For each indicator, JRA identified and compiled a key measure of health. Quantitative benchmarks have been set for what is needed to achieve a healthy James River. Current progress is compared to this benchmark to calculate a score which is averaged across the indicators in each category to determine the grade for that category. (Please note: due to refinements in the scoring, the changes do not necessarily correspond to the scores contained in the 2011 State of the James River report. If changes were made, the same methodology was applied to the data of the previous two years.)
About the James River/JRA
The 340-mile James River runs from its headwaters in the Appalachians into the Chesapeake Bay, making it one of the longest rivers totally contained within one state.
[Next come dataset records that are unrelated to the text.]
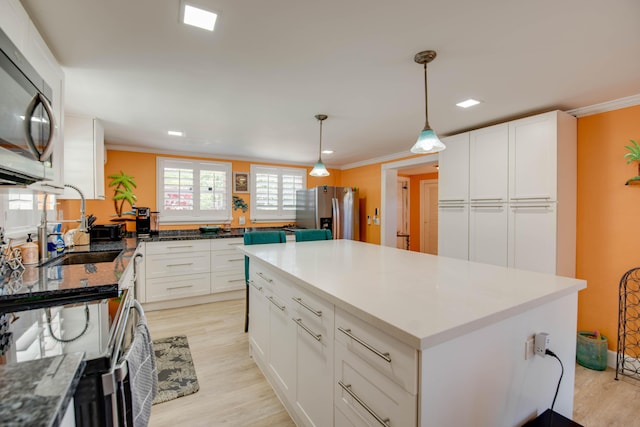 24 Cactus Dr, Big Coppitt, FL 33040 - kitchen featuring ornamental molding, light wood-style floors, and stainless steel appliances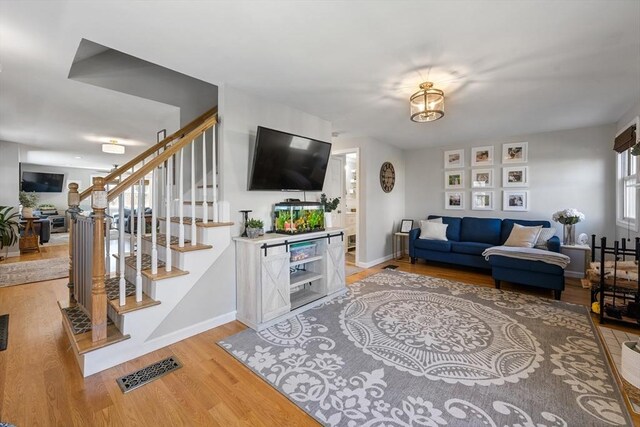 living area with baseboards, stairs, visible vents, and light wood-style flooring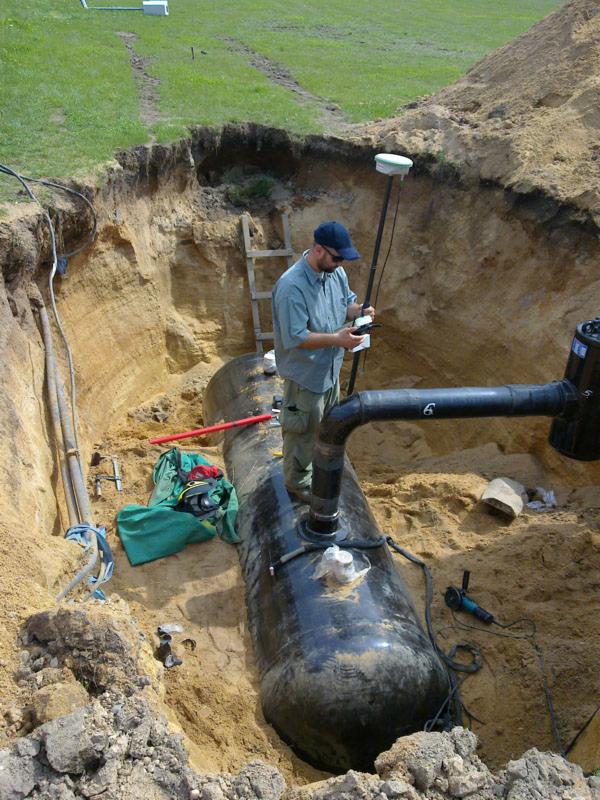 Instalacja zbiornika w wykopie, pracownik z urządzeniem pomiarowym GPS sprawdza poziom, widoczne narzędzia i rury.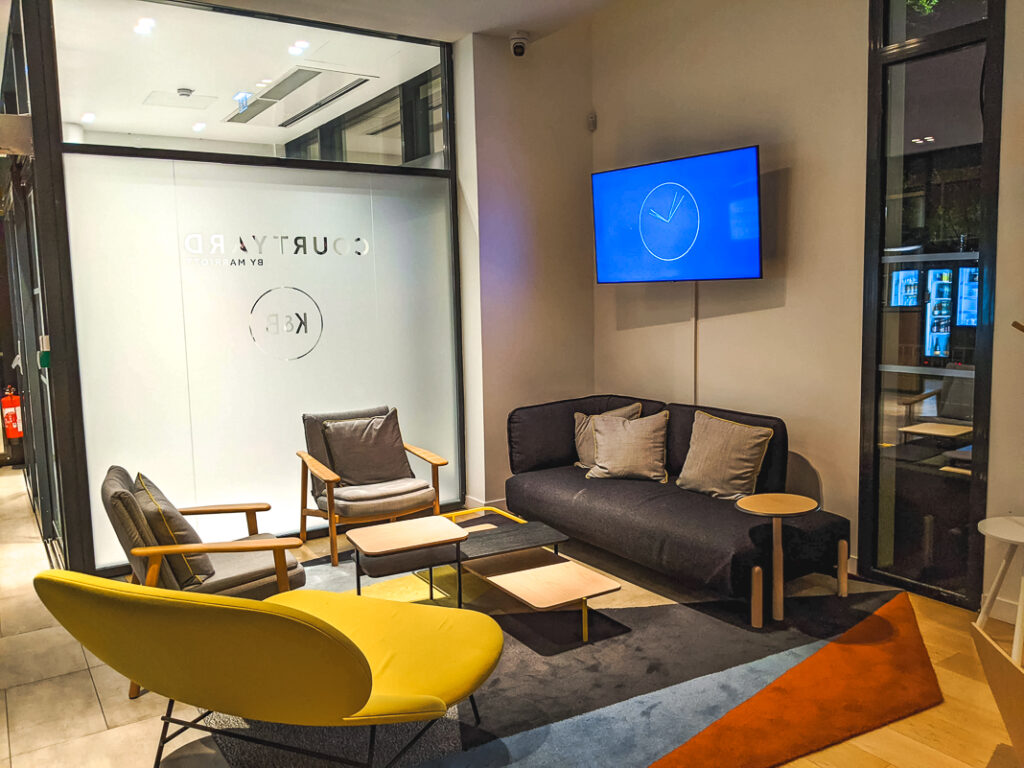 Salon moderne du Courtyard by Marriott Paris Créteil avec fauteuils design et écran mural allumé.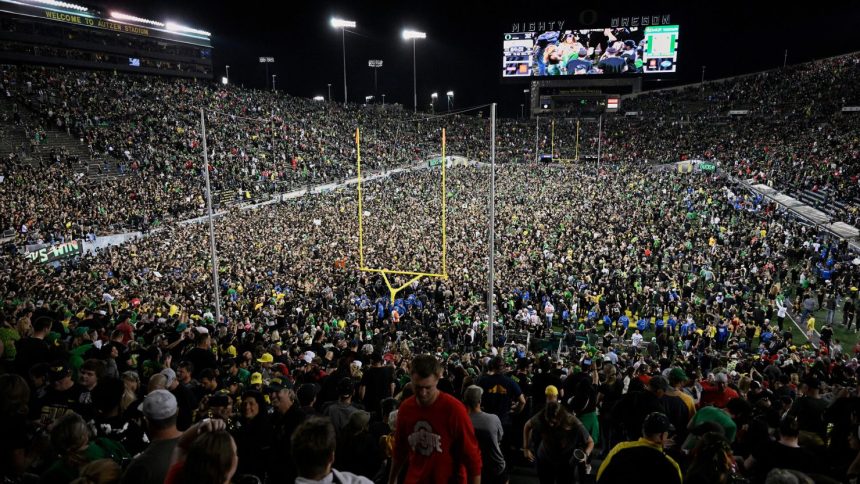 Ducks fans rush the field after Oregon beat the Ohio State Buckeyes in Eugene, Oregon, last month.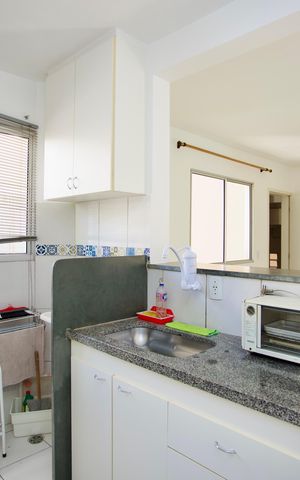 Apartamento à venda com 55m², 2 quartos e 1 vaga Apartamento à venda com 55m², 2 quartos e 1 vagaCozinha e Área de Serviço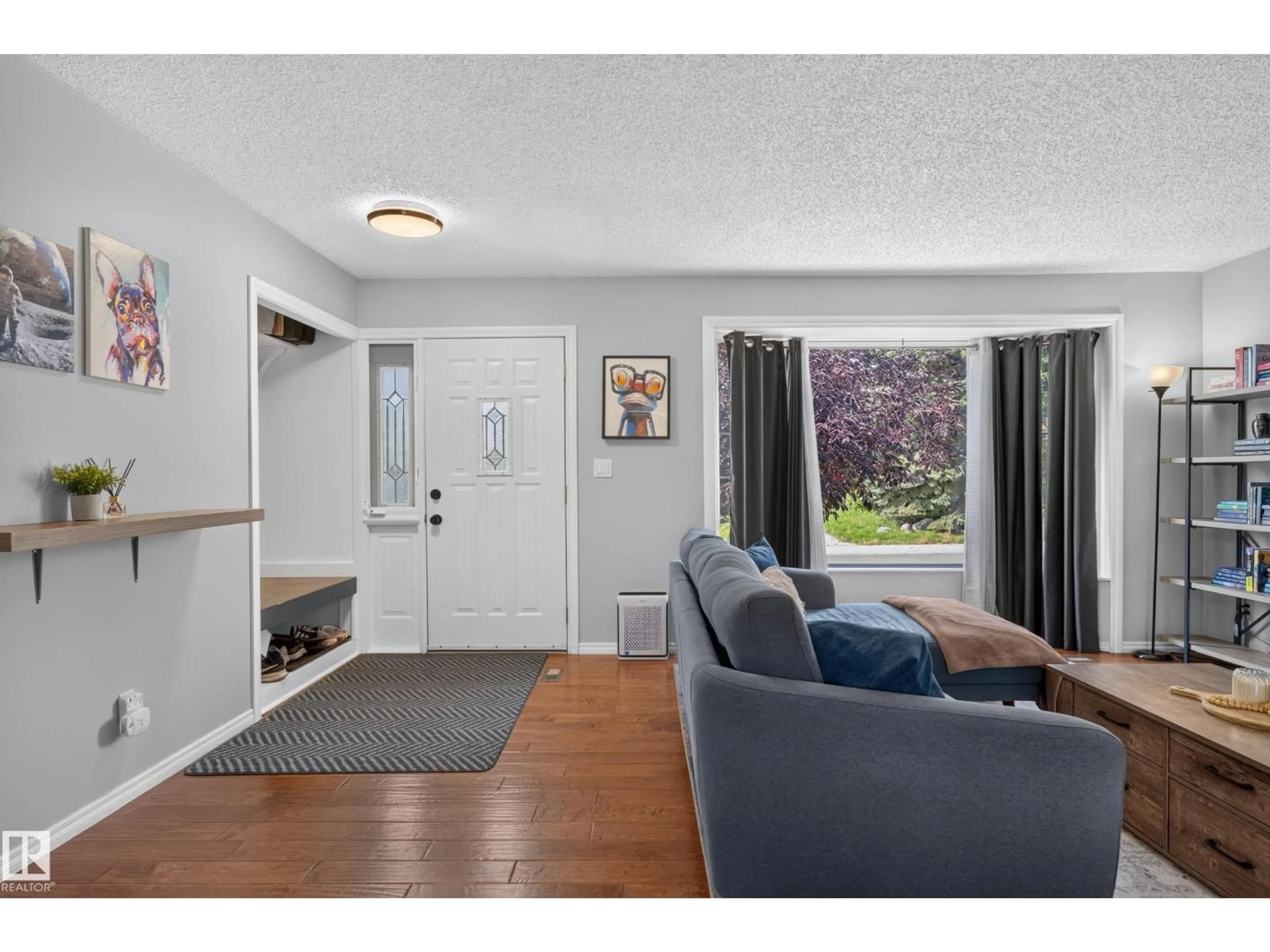 Living room with furniture, wood/laminate floor for 17311 101 ST, Edmonton Alberta T5X4B6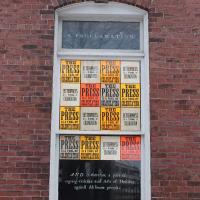 Neon orange letterpress prints hang in the window of a brick building. Prints read "Letterpress is a tool of colonization.”
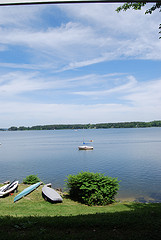 An unrigged sailboat in a lake on a sunny day.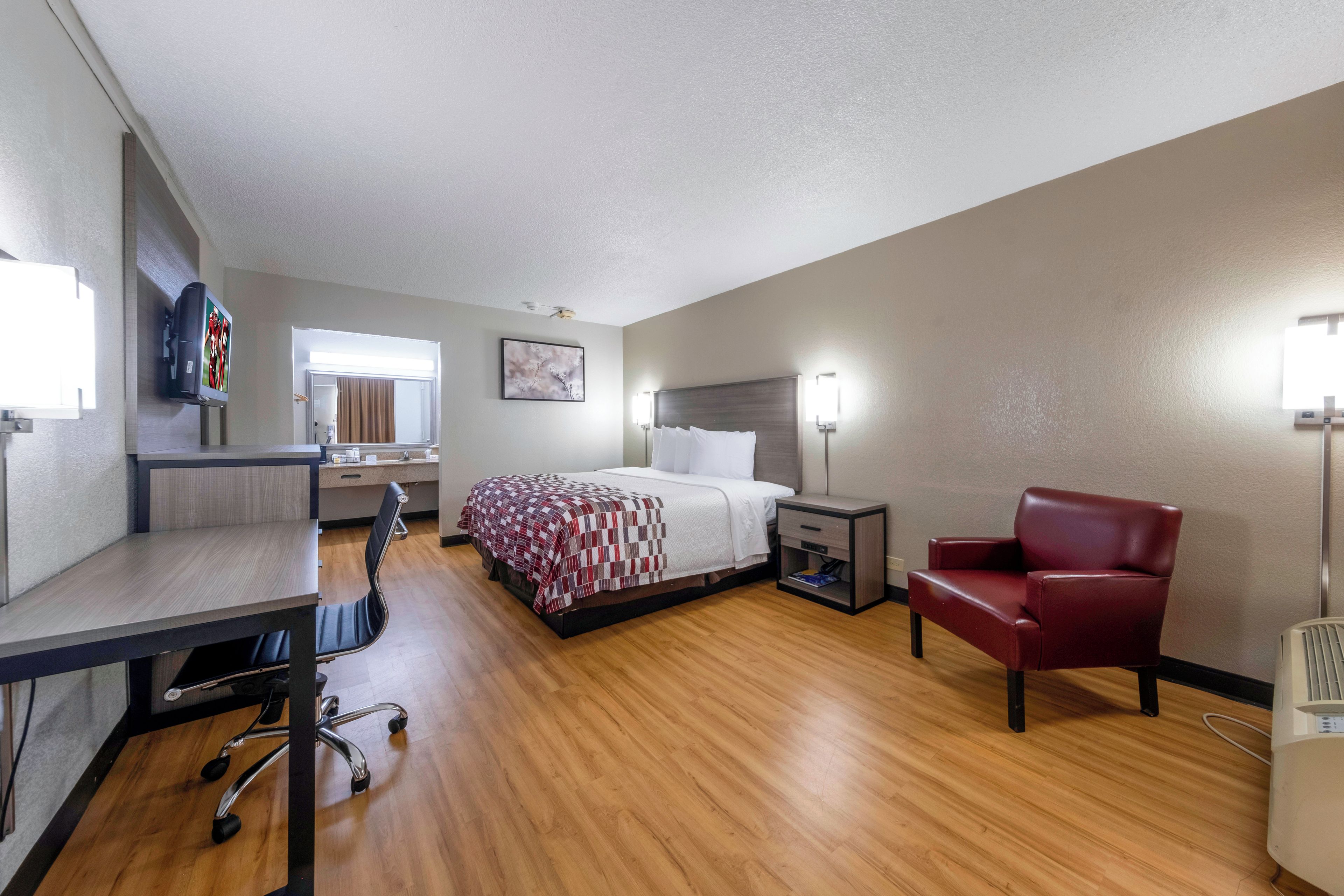 A hotel room with a bed, desk, chair, bedside table, and a television.
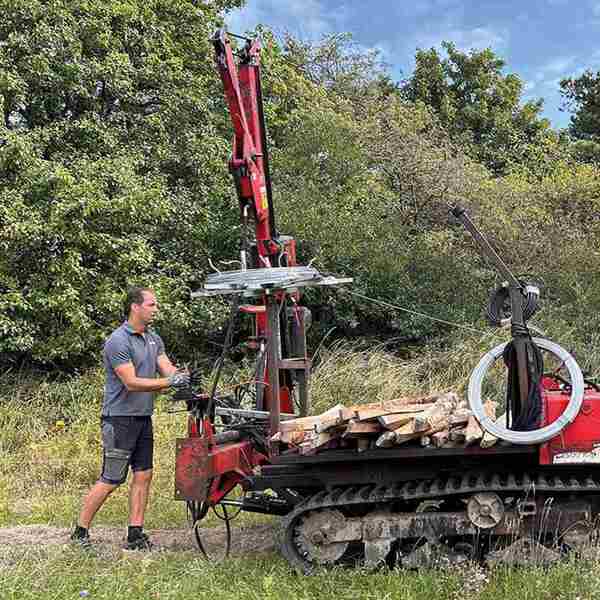 En montør er i gang med at rulle tråd ud til et elektrisk hegn med en specialbygget maskine i et grønt og skovrigt område.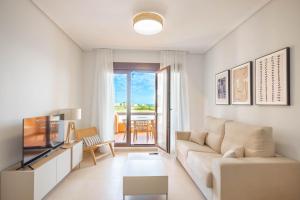 a living room with a couch and a television at Palm & Sea apartment in Los Alcázares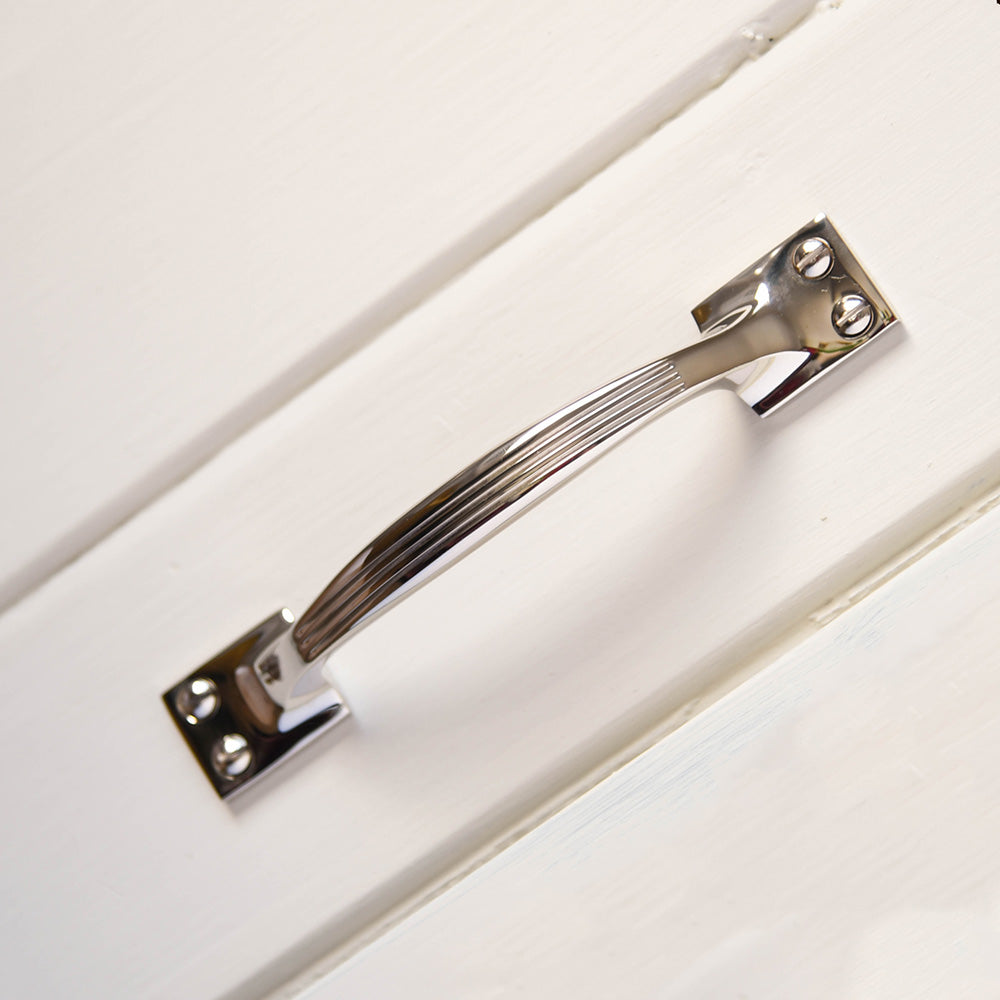 Solid brass Reeded Pull Handle in Polished Nickel finish.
Called "America's Founding River" for the role it played in helping provide for the Jamestown settlers, the James River has a rich history, sustains a vibrant and diverse ecosystem and is a source of life and recreation for millions of Virginians.
The James River Association is a nonprofit conservation organization that serves as the primary "voice" of the James River, helping to ensure its health and vitality for the past 37 years.